◆ **WHAT IS BEING ASKED**:
Among the records, find the lines that hold the string "section" and return them.

━━━ RECORDS SUPPLIED

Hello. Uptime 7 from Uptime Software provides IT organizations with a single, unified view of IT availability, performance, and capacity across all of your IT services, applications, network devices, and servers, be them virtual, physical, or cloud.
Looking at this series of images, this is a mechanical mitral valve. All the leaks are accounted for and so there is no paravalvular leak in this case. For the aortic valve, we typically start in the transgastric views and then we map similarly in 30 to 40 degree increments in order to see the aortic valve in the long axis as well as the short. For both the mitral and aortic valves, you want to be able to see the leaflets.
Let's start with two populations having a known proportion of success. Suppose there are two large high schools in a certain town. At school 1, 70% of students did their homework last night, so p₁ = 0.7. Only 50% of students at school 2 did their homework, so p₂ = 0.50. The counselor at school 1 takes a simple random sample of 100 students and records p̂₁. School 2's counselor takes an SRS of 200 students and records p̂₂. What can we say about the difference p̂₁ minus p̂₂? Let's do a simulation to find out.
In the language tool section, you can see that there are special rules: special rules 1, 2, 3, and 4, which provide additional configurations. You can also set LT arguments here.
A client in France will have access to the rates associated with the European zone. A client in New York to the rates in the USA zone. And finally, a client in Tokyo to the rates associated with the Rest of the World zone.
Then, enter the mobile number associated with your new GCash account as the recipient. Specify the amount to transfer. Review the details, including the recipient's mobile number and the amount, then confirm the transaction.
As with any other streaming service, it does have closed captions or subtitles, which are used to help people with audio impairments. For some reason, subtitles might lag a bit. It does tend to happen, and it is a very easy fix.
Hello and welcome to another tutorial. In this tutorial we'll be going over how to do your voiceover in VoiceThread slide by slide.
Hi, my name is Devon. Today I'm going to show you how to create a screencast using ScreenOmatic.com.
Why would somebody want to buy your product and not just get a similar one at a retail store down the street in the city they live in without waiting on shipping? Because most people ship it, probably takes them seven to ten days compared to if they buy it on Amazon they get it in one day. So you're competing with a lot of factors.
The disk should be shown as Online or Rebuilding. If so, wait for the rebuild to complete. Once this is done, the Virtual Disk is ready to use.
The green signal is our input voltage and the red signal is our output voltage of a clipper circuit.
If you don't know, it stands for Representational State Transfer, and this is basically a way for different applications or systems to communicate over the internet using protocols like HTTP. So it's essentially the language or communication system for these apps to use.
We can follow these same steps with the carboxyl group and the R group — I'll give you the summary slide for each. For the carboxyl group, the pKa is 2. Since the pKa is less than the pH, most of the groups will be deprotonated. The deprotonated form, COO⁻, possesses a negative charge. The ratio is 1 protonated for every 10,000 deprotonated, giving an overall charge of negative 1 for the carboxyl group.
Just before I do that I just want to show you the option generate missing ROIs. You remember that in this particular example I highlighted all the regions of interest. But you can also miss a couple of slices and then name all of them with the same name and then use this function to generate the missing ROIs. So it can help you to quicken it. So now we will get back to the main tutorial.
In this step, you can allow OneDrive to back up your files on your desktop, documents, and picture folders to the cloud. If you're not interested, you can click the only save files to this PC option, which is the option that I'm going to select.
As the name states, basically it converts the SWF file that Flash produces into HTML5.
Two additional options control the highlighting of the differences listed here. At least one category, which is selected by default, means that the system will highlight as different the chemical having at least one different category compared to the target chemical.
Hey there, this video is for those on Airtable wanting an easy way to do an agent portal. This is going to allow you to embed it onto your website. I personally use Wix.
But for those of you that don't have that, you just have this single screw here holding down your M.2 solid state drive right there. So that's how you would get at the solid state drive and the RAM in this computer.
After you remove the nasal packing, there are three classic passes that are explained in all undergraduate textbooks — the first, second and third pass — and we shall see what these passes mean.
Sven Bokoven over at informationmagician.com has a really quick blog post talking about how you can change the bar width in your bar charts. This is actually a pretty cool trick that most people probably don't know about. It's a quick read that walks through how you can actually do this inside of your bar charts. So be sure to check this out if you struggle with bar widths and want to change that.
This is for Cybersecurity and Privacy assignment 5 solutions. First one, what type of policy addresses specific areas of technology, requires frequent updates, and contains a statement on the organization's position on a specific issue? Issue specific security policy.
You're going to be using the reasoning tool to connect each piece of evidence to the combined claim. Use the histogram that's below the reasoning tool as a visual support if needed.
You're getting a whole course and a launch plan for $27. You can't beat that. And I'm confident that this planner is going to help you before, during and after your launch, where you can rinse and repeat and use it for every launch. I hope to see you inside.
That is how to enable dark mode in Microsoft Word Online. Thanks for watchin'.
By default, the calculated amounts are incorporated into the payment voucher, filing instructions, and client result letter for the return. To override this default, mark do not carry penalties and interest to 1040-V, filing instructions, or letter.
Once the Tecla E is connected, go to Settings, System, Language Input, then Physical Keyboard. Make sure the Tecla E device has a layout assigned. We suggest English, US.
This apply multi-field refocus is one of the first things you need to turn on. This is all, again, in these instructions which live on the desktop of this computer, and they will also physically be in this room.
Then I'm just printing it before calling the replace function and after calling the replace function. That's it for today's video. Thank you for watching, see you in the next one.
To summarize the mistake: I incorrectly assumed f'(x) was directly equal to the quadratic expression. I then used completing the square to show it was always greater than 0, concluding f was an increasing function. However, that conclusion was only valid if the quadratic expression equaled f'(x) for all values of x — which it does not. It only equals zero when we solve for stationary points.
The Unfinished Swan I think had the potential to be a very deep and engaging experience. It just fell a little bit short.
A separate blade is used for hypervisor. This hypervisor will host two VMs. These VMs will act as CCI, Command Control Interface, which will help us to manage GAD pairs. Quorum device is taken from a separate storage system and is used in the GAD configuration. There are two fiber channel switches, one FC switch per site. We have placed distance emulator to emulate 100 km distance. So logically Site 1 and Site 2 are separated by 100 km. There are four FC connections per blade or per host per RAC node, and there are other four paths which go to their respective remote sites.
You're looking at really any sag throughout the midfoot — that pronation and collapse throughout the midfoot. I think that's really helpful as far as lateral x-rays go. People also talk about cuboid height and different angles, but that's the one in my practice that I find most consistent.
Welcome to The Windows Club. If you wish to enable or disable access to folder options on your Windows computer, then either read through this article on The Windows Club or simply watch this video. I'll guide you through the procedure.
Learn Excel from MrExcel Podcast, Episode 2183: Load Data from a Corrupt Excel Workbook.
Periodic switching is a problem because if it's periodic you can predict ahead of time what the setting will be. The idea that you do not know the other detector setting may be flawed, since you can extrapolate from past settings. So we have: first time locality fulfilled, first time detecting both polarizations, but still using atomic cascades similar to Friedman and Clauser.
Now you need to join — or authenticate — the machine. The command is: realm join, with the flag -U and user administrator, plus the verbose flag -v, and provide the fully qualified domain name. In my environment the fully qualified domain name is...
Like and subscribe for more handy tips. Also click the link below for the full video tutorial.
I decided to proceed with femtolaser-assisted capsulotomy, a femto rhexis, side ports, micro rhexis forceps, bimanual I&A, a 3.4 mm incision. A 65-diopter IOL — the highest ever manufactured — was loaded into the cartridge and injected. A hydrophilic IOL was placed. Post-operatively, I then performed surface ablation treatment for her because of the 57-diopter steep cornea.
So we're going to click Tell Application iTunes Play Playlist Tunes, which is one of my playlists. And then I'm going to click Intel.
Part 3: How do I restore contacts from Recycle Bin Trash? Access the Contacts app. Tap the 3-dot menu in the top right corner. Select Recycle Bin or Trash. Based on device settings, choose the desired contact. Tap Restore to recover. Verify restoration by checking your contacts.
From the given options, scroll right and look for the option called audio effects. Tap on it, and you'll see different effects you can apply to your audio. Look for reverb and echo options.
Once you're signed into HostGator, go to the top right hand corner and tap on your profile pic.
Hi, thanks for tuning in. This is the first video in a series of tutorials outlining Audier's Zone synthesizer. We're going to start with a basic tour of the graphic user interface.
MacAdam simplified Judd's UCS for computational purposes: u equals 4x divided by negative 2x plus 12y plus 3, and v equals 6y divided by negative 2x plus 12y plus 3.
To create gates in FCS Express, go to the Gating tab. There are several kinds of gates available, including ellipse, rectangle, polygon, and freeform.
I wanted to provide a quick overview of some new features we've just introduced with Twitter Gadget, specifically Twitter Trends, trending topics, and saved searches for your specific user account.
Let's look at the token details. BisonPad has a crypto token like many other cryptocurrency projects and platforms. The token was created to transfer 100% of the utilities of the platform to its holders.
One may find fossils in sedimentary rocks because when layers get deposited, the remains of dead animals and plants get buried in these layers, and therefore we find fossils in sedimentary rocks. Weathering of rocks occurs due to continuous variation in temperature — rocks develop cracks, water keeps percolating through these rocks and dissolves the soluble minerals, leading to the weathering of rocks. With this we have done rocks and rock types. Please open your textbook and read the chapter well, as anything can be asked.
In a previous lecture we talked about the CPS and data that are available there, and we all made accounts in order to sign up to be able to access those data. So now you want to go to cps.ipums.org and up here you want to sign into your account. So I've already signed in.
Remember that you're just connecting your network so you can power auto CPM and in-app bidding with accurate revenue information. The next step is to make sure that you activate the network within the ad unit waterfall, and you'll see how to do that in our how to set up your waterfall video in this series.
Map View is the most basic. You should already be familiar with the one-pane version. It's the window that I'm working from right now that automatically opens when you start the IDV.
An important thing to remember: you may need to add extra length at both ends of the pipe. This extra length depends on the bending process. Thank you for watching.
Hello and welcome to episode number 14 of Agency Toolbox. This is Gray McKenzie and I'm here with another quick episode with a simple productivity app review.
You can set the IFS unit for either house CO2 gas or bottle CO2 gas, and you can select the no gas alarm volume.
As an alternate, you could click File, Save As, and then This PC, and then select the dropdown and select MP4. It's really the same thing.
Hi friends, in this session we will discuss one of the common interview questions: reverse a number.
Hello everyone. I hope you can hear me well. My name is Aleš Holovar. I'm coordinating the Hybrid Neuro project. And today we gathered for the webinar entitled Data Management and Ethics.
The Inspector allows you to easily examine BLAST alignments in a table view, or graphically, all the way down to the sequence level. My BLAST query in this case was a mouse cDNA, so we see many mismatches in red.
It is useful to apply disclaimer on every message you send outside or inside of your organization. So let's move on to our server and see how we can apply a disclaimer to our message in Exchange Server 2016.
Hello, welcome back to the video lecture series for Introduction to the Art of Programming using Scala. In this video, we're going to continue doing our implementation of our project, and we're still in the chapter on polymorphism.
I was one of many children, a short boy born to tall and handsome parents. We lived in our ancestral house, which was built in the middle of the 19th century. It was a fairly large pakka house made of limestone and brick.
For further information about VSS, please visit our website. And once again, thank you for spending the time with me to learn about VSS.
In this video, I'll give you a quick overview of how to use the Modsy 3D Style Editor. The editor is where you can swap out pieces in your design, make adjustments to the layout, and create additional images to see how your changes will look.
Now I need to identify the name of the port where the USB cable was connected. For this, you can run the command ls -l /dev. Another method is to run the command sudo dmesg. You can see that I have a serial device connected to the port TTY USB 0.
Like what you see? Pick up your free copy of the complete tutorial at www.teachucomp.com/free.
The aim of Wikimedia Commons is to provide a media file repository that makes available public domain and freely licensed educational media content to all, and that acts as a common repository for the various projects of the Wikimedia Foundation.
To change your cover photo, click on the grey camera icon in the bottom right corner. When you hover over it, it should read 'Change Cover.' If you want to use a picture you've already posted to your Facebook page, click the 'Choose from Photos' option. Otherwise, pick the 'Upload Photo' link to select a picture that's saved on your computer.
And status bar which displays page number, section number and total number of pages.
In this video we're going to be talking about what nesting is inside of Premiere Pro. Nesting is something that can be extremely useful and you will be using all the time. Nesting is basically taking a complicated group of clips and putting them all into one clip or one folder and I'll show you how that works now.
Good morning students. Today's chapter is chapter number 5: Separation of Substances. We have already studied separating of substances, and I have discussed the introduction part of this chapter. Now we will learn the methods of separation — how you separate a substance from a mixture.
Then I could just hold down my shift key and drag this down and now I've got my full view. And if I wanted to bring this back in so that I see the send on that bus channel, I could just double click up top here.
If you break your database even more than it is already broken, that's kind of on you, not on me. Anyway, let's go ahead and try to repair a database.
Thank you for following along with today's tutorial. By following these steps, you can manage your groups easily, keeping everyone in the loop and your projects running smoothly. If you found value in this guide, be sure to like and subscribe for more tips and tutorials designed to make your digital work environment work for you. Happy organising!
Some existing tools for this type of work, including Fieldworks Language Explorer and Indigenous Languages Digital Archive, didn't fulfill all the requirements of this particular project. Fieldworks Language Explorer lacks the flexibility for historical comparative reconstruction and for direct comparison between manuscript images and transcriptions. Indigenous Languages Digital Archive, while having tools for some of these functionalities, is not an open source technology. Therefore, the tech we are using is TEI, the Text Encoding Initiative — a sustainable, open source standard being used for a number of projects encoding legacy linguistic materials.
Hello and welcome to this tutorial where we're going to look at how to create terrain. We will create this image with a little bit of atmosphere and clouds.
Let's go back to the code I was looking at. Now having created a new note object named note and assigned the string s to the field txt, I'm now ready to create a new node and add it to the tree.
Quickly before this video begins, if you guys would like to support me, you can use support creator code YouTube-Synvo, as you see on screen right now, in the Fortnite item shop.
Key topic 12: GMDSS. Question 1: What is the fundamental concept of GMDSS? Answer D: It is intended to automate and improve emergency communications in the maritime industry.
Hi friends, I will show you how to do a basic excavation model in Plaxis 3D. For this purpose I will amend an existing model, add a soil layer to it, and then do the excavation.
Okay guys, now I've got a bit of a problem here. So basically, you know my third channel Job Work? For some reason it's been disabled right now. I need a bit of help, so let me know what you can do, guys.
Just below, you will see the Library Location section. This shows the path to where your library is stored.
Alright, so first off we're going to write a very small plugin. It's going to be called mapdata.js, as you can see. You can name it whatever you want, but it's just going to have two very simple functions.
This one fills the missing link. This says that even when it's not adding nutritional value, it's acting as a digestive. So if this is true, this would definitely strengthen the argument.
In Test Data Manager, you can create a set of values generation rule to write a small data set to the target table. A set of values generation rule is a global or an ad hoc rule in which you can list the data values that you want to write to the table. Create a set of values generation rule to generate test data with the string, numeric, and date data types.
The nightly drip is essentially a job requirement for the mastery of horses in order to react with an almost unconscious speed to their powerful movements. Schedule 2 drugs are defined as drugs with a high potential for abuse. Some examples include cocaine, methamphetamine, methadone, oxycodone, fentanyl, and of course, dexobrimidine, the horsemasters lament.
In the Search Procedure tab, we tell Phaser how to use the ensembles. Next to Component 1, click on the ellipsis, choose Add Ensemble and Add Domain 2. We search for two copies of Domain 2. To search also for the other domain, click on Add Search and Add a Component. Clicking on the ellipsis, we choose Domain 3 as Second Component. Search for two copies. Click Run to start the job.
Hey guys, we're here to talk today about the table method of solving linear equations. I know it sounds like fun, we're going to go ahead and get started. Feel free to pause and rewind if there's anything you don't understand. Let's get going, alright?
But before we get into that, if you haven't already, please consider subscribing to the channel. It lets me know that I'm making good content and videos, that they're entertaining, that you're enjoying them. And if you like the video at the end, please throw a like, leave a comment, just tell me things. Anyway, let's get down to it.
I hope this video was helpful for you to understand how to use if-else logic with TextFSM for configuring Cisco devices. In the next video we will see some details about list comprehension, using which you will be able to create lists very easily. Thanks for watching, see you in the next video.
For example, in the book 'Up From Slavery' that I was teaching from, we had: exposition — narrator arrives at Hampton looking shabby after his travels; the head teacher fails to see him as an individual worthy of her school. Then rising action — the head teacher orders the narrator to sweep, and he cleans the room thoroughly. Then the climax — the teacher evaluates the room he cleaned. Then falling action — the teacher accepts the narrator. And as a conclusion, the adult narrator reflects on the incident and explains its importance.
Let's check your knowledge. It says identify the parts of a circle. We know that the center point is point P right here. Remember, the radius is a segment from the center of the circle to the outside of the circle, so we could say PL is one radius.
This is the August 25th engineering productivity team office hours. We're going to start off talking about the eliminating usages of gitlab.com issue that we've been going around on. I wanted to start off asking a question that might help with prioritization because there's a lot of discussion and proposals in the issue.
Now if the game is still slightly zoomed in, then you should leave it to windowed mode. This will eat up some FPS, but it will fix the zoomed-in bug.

━━━━━━

◆ **PROBLEM SOLUTION**:
In the language tool section, you can see that there are special rules: special rules 1, 2, 3, and 4, which provide additional configurations. You can also set LT arguments here.
And status bar which displays page number, section number and total number of pages.
Just below, you will see the Library Location section. This shows the path to where your library is stored.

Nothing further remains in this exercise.